Chinese politician (born 1962)

Chen Shulong (陈树隆 (Chén Shùlóng); born November 1962) is a former Chinese politician, and Executive Vice Governor of Anhui. He was dismissed from his position in November 2016 for investigation by the Central Commission for Discipline Inspection.

==Career==
Chen Shulong was born in Chaohu, Anhui in November 1962, and he was entered to Anhui University of Finance and Economics in 1983 and graduated in 1987. Then he became the instructor in the school. From 1989 to 1993, he served in Finance Department of Anhui. In 1993, he served as deputy director of Treasury Service Center of Anhui, and upgraded to director and General Manager of Anhui Financial Securities Company in 1994. Chen became General Manager of Anhui Trust and Investment company in 1998 (the company is renamed as Guoyuan Holdings in 2001).

From 2002 to 2003, Chen served as Vice Mayor of Hefei. During office period, he also studied in University of Science and Technology of China. In 2003 he transferred to Wuhu, and served as Chinese Communist Party Deputy Committee Secretary and Vice Mayor. He upgraded to Mayor of Wuhu in 2006, and served as CCP Committee Secretary in 2008. In 2011, he elected as Member of CCP Provincial Standing Committee of Anhui. Chen was elected as Vice Governor of Anhui in 2012, and upgraded to Executive Vice Governor of Anhui in 2016. He was no longer served as Member of CCP Provincial Standing Committee of Anhui since October 2016.

==Investigation==
On November 8, 2016, Chen Shulong was placed under investigation by the Central Commission for Discipline Inspection, the CCP's internal disciplinary body, for "serious violations of regulations". Chen was expelled from the CCP on May 2, 2017.
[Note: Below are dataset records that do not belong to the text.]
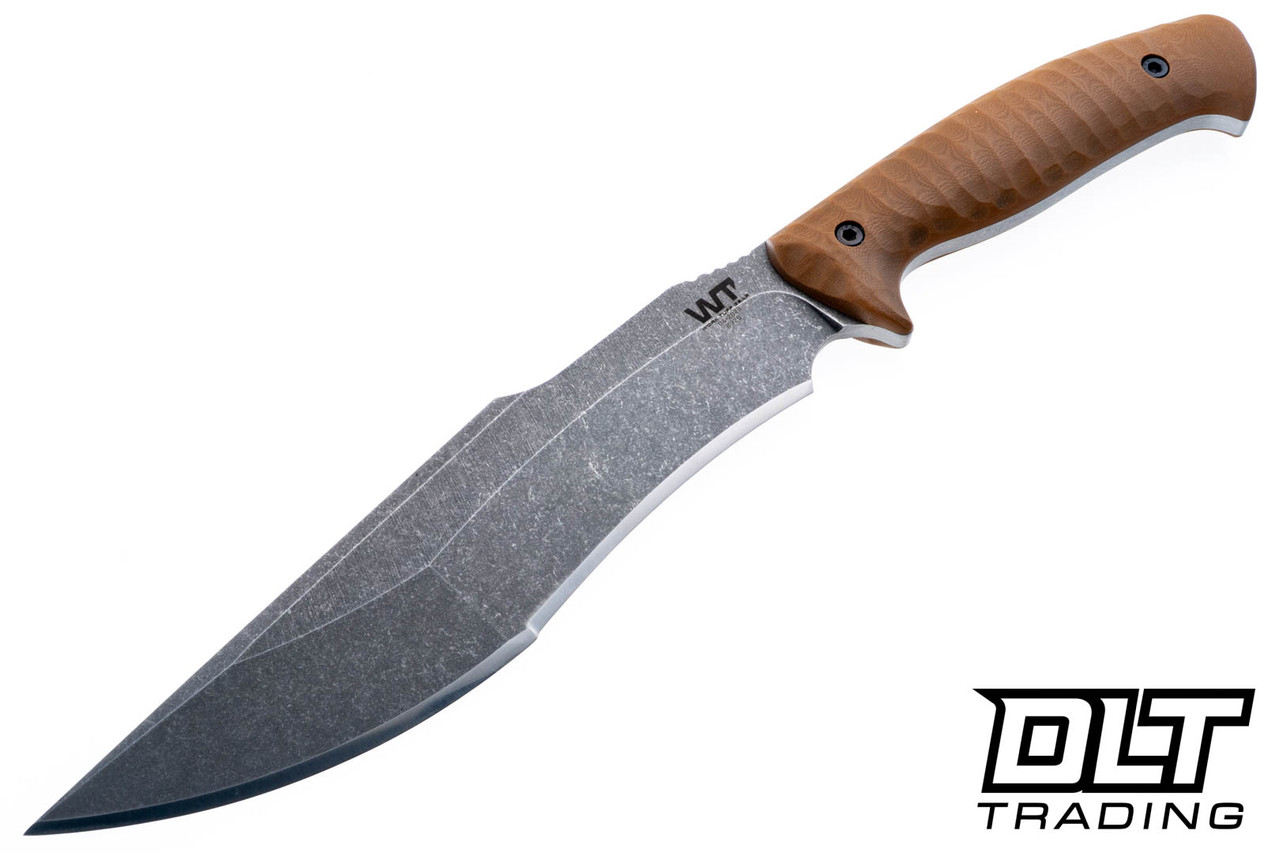 WTG Lanzeta C - K329 Dark Washed Blade - Brown Rugged Texture Grip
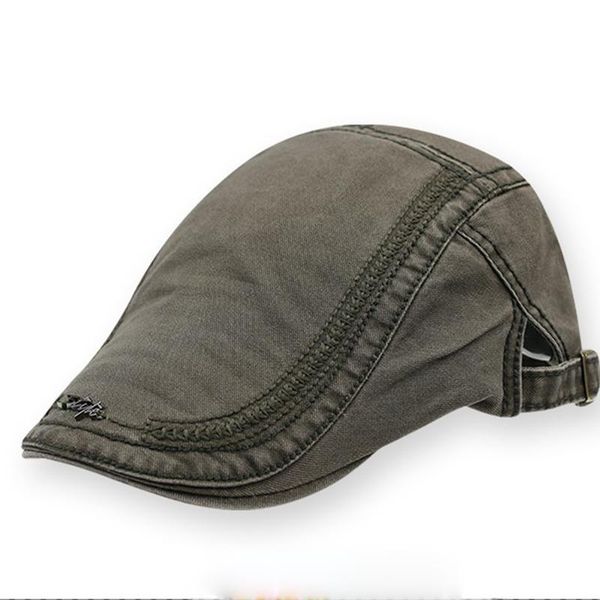 

visors casual vintage solid cotton beret for men and women children's sun hat gorras planas flat caps apparel accessories, Blue;gray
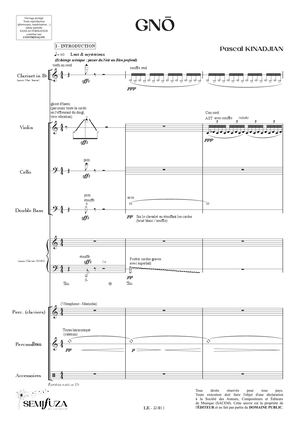 Gnō Calameo Score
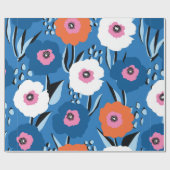 Nahtlos Vintages Muster, rot und blau Geschenkpapier (Flach)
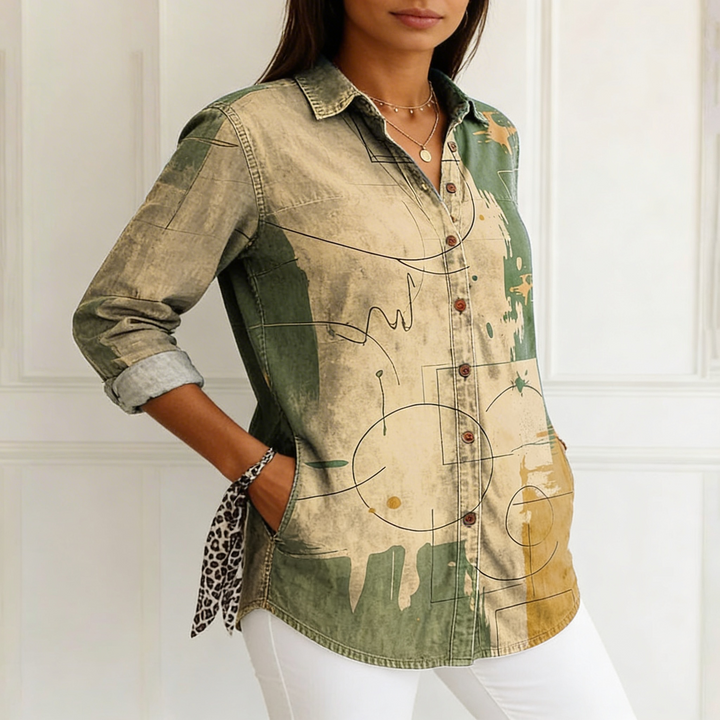 Karla | T-shirt Abstraite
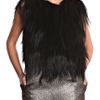Diane Von Furstenberg Jane Fur Gilet in Black - Lyst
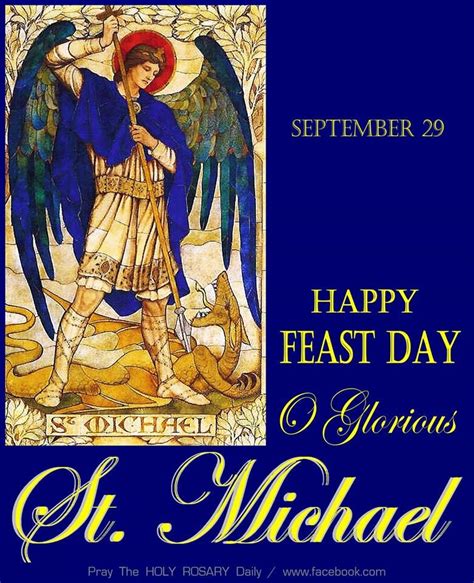 St Michael Feast Day Happy Feast Day Holy Rosary Prayer For You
On July 27, 2018, Chen Shulong stood trial for bribery, power abuse, insider trading and disclosing inside information, at the Intermediate People's Court of Xiamen in southeast China's Fujian province. Chen took advantage of his different positions to benefit others in business operations, obtaining projects and bank loans, investments and personnel promotions, and in return accepting money and property worth over 275.8 million yuan (40.6 million U.S. dollars) personally or through his family members between 1994 and 2016. Besides, he also abused of power, illegally made 137 million yuan (20.4 million U.S. dollars) of gains from insider trading and disclosed inside information. Chen was sentenced to life in prison on April 3, 2019.